Under the supervision and with the participation of our management, our principal executive officer and our principal financial officer, we are responsible for conducting an evaluation of the effectiveness of the design and operation of our disclosure controls and procedures, as defined in Rules 13a-15(e) and 15d-15(e) under the Securities Exchange Act of 1934, as amended (the “Exchange Act”), as of March 31, 2019. Disclosure controls and procedures means that the material information required to be included in our SEC reports is recorded, processed, summarized, and reported within the time periods specified in SEC rules and forms relating to our company, including any consolidating subsidiaries, and was made known to us by others within those entities, particularly during the period when this report was being prepared.

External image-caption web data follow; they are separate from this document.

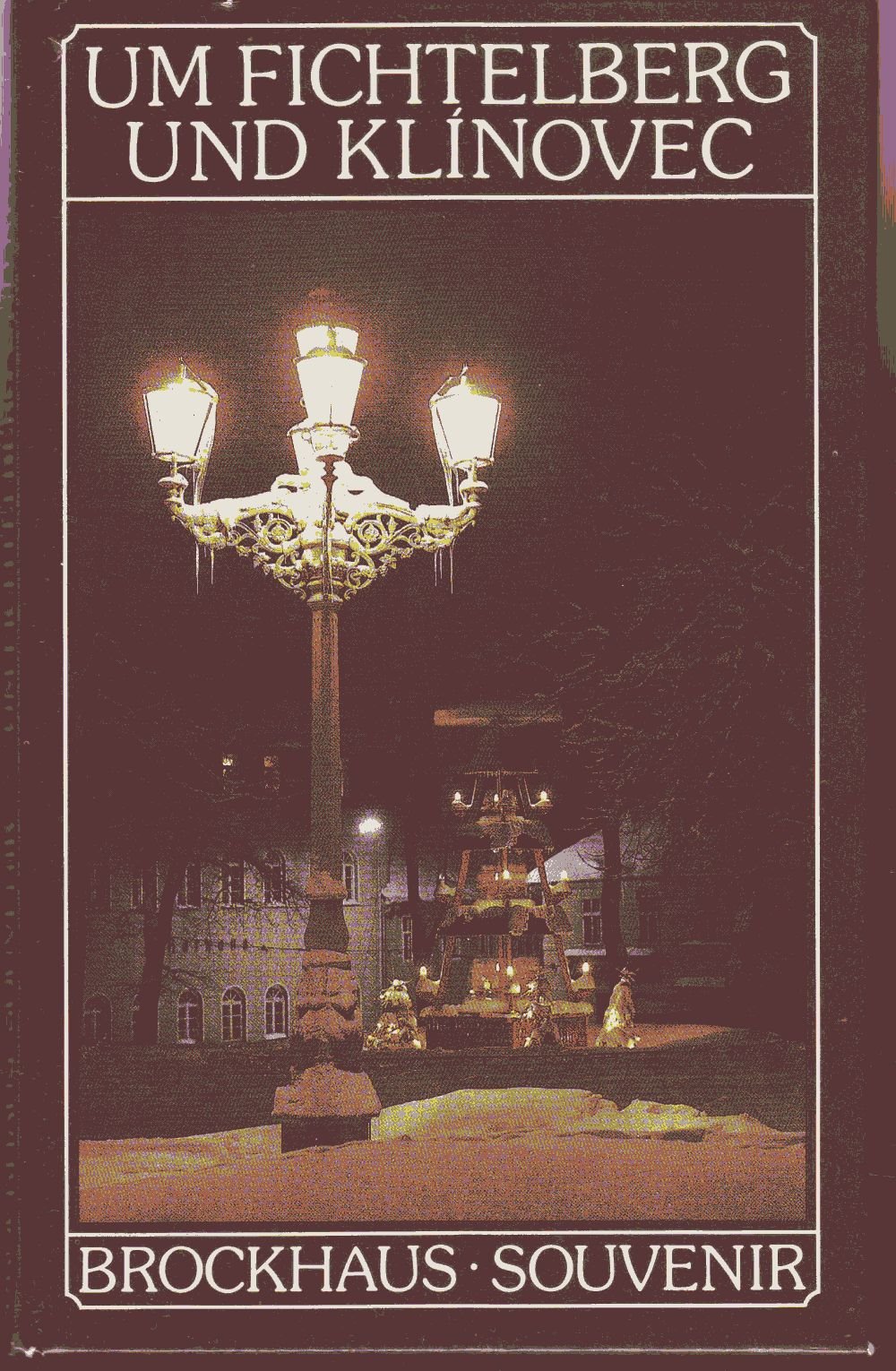Um Fichtelberg und Klinovec Books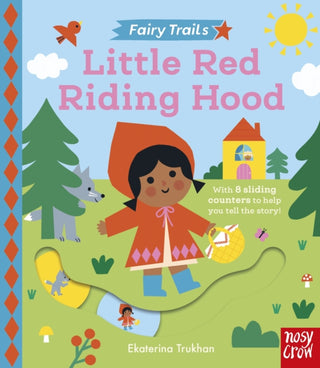 Cover image for 9781805135050 - Fairy Trails: Little Red Riding Hood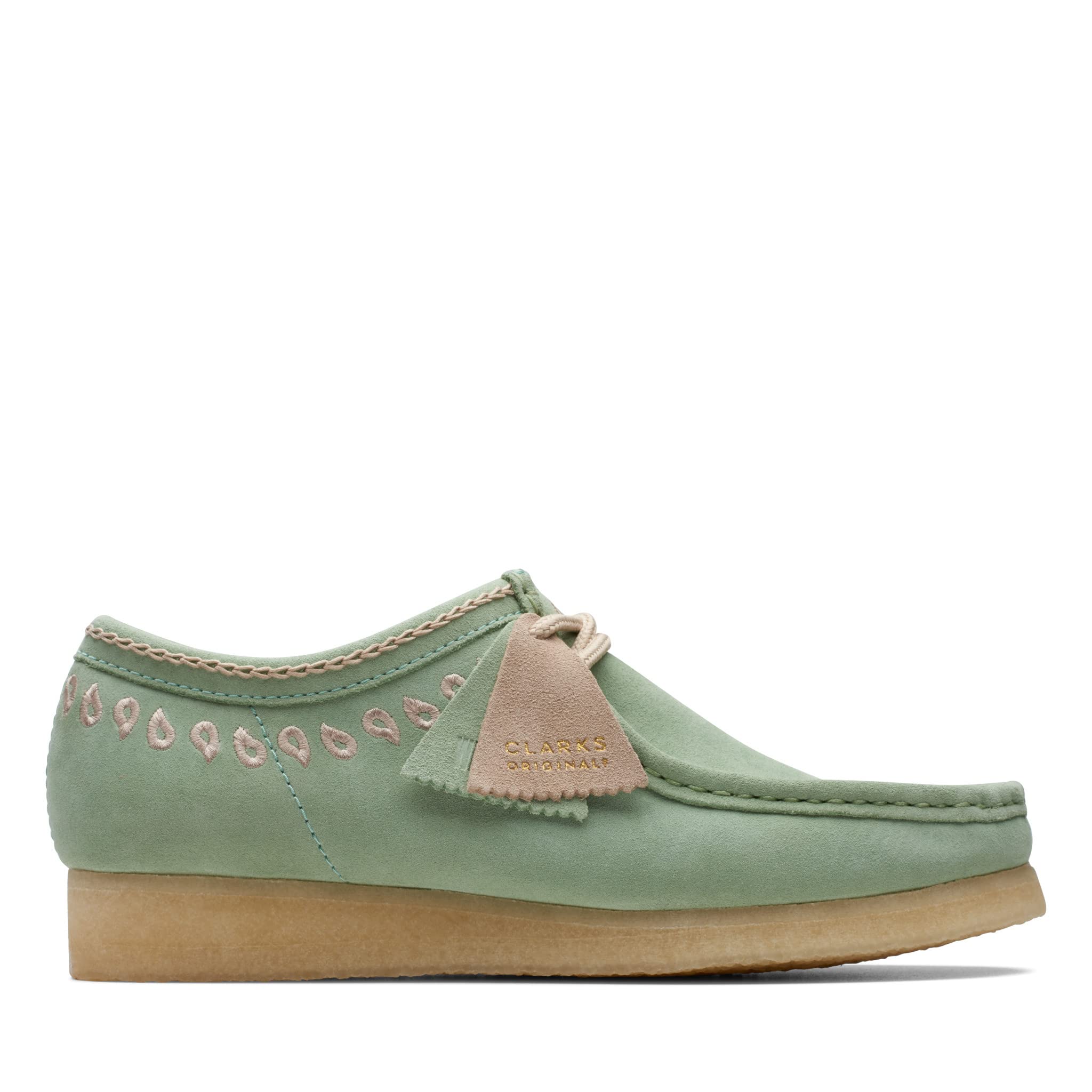 Clarks Men's Wallabee Comfort Casual Shoes - Genuine Leather Moccasin Style for Everyday Wear | Perfect for Office, Travel & Relaxation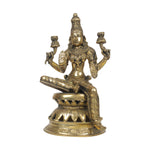 Brass Lakshmi Sitting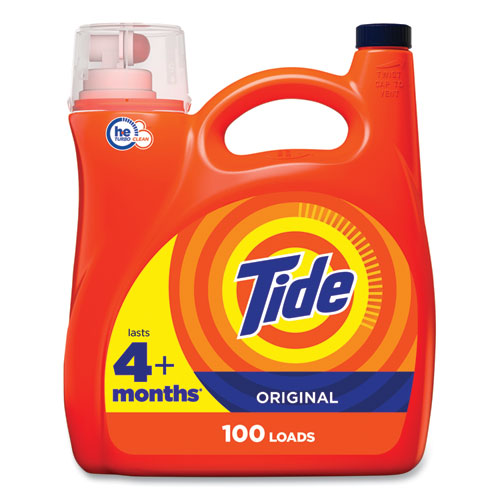 Tide® HE Laundry Detergent, Original Scent, Liquid, 64 Loads, 92 oz Bottle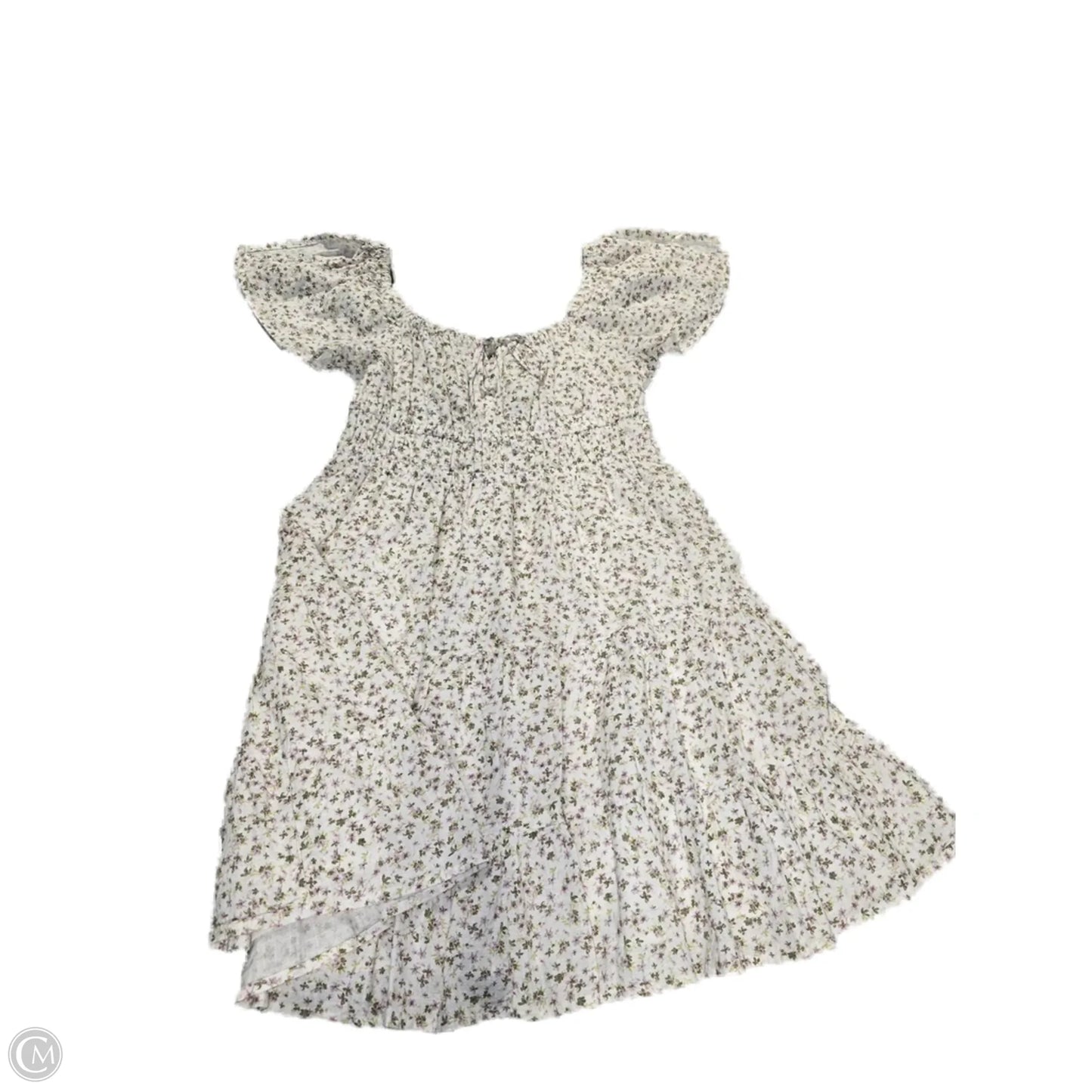 Dress Casual Short By Arizona In Floral Print, Size: S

Based on this evaluation, and in light of the weaknesses in our internal control over financial reporting described below, our principal executive officer and principal financial officer concluded that our disclosure controls and procedures were not effective as of March 31, 2019.

 

The ineffectiveness of our internal control over financial reporting (as defined in Rule 13a-15(f) and 15d-15(f) under the Exchange Act) was due to an insufficient degree of segregation of duties amongst our accounting and financial reporting personnel, and the lack of a formalized and complete set of policy and procedure documentation evidencing our system of internal controls over financial reporting. These factors lead to certain adjustments which had been reflected in our audited financial statements as of December 31, 2018. These weaknesses are not uncommon in a company of our size due to personnel and financial limitations.

 

During 2019, we have started to work to remediate the material weaknesses identified above, which has included the hiring of an accounting and financial professional with experience in the implementation of GAAP and SEC reporting requirements, and discussion with several independent accounting and auditing firms regarding the retention of such a firm to review, document, and test for effectiveness our internal controls over financial reporting.

 

Additionally, we expect to continue remediation efforts throughout 2019 by the engagement of accounting consultants as needed to provide expertise on specific areas of the accounting guidance, the continued hiring of individuals with appropriate experience in internal controls over financial reporting, and the modification to our accounting processes and enhancement to our financial controls including the ongoing testing of such controls. Our financial position will determine the extent to which such efforts can be made.

 

Our management will continue to monitor and evaluate the effectiveness of our disclosure controls and procedures and our internal controls over financial reporting on an ongoing basis and is committed to taking further action and implementing additional enhancements or improvements. All internal control systems, no matter how well designed, have inherent limitations which may not prevent or detect misstatements. Therefore, even those systems determined to be effective can provide only reasonable assurance with respect to financial statement preparation and presentation.

 

Changes in Internal Control Over Financial Reporting

 

Other than as described above, there has been no change in our internal control over financial reporting during the period to which this report relates that has materially affected, or is reasonably likely to materially affect, our internal control over financial reporting.